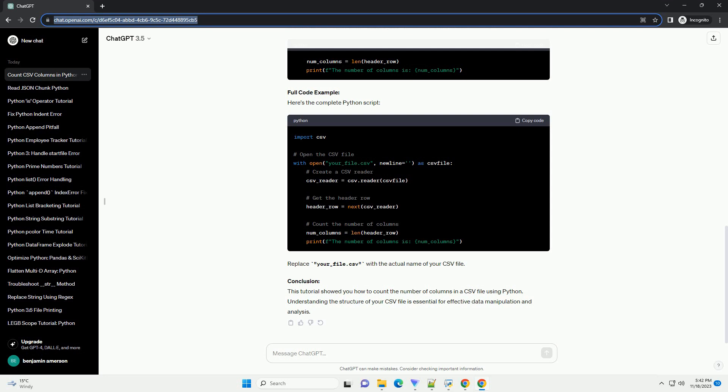Full code example: Here's the complete Python script. Replace your_file.csv with the actual name of your CSV file.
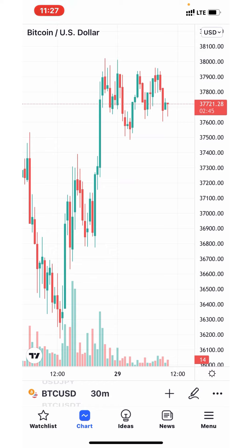What is forex trading? Forex trading is simple. You can go on Google and search and what you will see is the exchange of currencies — the buying and selling of currencies. It's as simple as that. Let me give you a simple illustration.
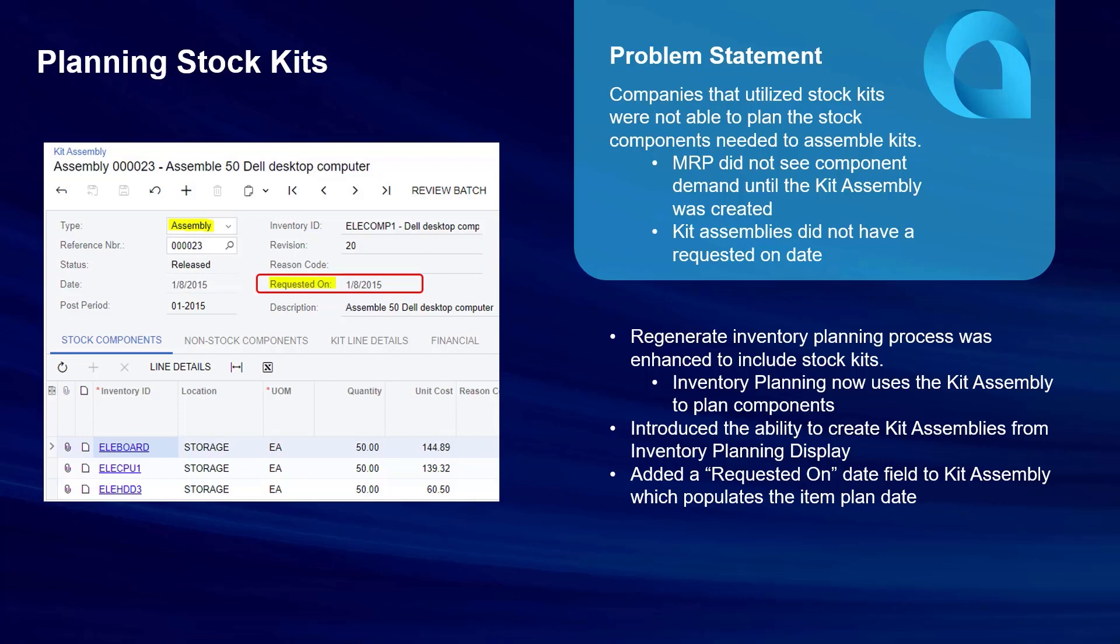Also, the kit assembly didn't have a requested on date. So even when the kit assembly was created, MRP or DRP thought you needed the components immediately.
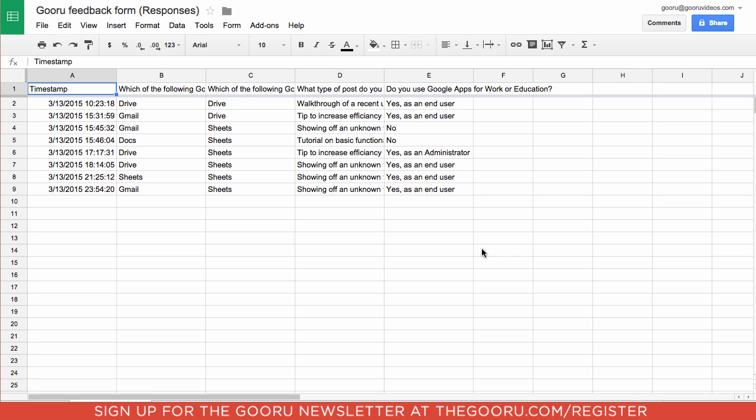So if you've ever sent out a Google Form, you'll know that you can view the responses in a spreadsheet like so. This only tells you what people answered. You'd have to enter your own formulas and create charts and things if you wanted to draw any conclusions from the answers to your questions in the form.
- - - - - - -
#### ABOUT THIS TASK:
Copy out all the data above exactly as written. Skip the pictures.

#### RESULT:
Full code example: Here's the complete Python script. Replace your_file.csv with the actual name of your CSV file.
What is forex trading? Forex trading is simple. You can go on Google and search and what you will see is the exchange of currencies — the buying and selling of currencies. It's as simple as that. Let me give you a simple illustration.
Also, the kit assembly didn't have a requested on date. So even when the kit assembly was created, MRP or DRP thought you needed the components immediately.
So if you've ever sent out a Google Form, you'll know that you can view the responses in a spreadsheet like so. This only tells you what people answered. You'd have to enter your own formulas and create charts and things if you wanted to draw any conclusions from the answers to your questions in the form.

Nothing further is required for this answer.